Poza „problemem” prostytucji dosyć dosadnie ukazana została samotność kobiety (w roli żony i matki): buntujące się dzieci, mąż dla którego praca jest drugim domem. I w całym tym kołowrotku- uwięziona w świecie, sfrustrowana pani redaktor. Życie na pozór? Poznanie młodych kobiet to przełamanie rutyny w bytowaniu Anny i odkrycie własnych, zapomnianych już pragnień.

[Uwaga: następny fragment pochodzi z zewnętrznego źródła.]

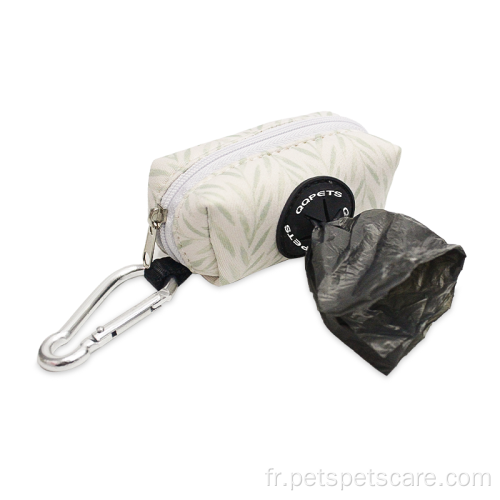 Sacs de merde de chien portable support de coutume populaire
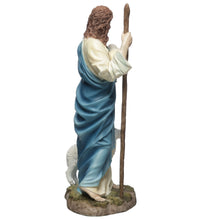 Load image into Gallery viewer, Jesus the Good Shepherd Statue – Holding Lamb with Shepherd’s Staff

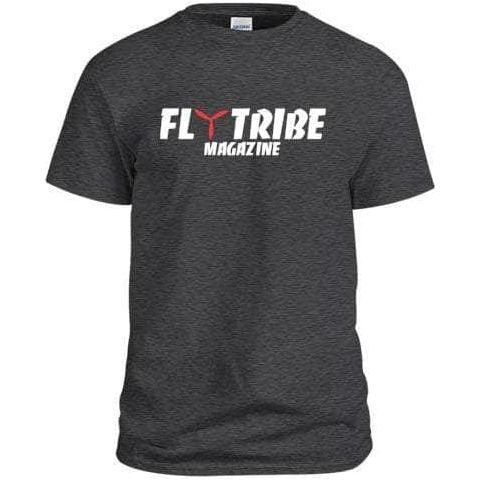 Fly Tribe Magazine FTM Logo T-Shirts - Dark Gray - Choose Your Size at WREKD Co.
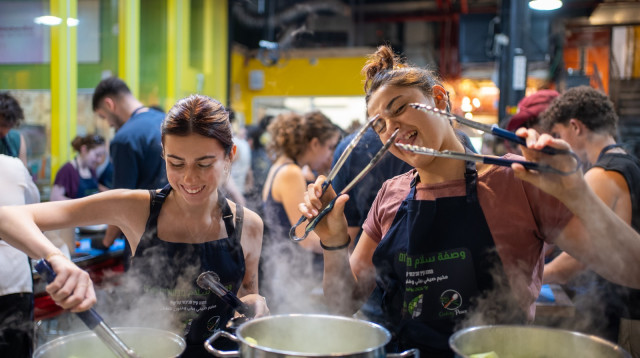 מחנה מבשלים שלום של ארגון הרשת הירוקה (צילום: ארגון הרשת הירוקה)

Czy poruszanie aktualnej problematyki i umieszczenie sporej ilości scen erotycznych to sposób na sukces? W odpowiedzi na to pytanie przypomina mi się (chyba wszystkim znany) fragment: „Ale ja nie mogę zrozumieć! Nie mogę zrozumieć, jak zachwyca, jeśli nie zachwyca.” Nie wiem jaki był zamiar pani reżyser, ale podczas oglądania zmogła mnie nuda, a po seansie nie naszły żadne refleksje (a tego nie lubię!). Zabrakło mi jakiegoś nowego, nieco odmiennego- od tego, co już widziałam- spojrzenia na sprawy, o których traktuje ta produkcja.

Film ratuje jedynie kapitalna gra Juliette Binoche, szwendającej się po kuchni, prowadzącej rozmowy na skąpanym w słońcu balkonie, wykonującej codzienne czynności, a nawet pijącej wódkę z poznaną kurtyzaną. Jest wiarygodna we wszystkim co odgrywa.